• Records supplied

-- Opening Marker --

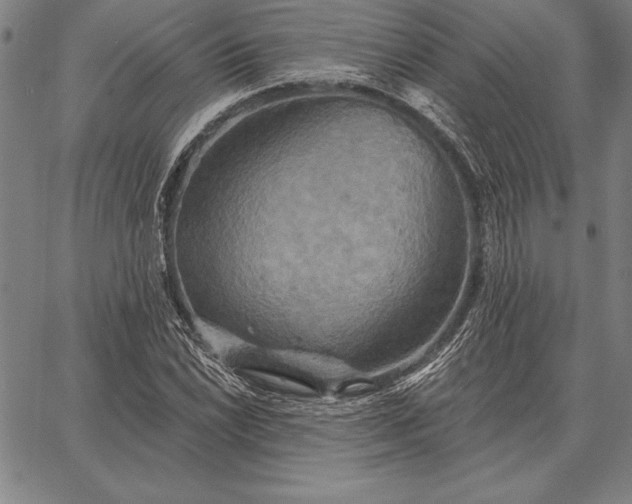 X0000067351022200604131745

-- Closing Marker --
-- Opening Marker --

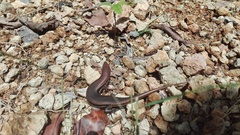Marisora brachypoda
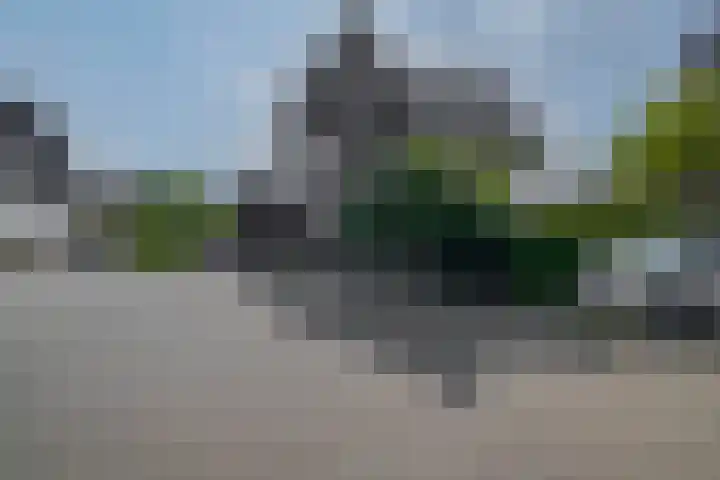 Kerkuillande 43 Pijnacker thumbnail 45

-- Closing Marker --
-- Opening Marker --

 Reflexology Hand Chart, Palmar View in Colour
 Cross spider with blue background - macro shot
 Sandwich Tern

-- Closing Marker --

• What you need to do
From the records above, transcribe exactly the lines starting at the one containing "Marisora brachypoda" and ending at the one containing "Kerkuillande 43 Pijnacker thumbnail 45". Skip the pictures.

• Answer below
Marisora brachypoda
 Kerkuillande 43 Pijnacker thumbnail 45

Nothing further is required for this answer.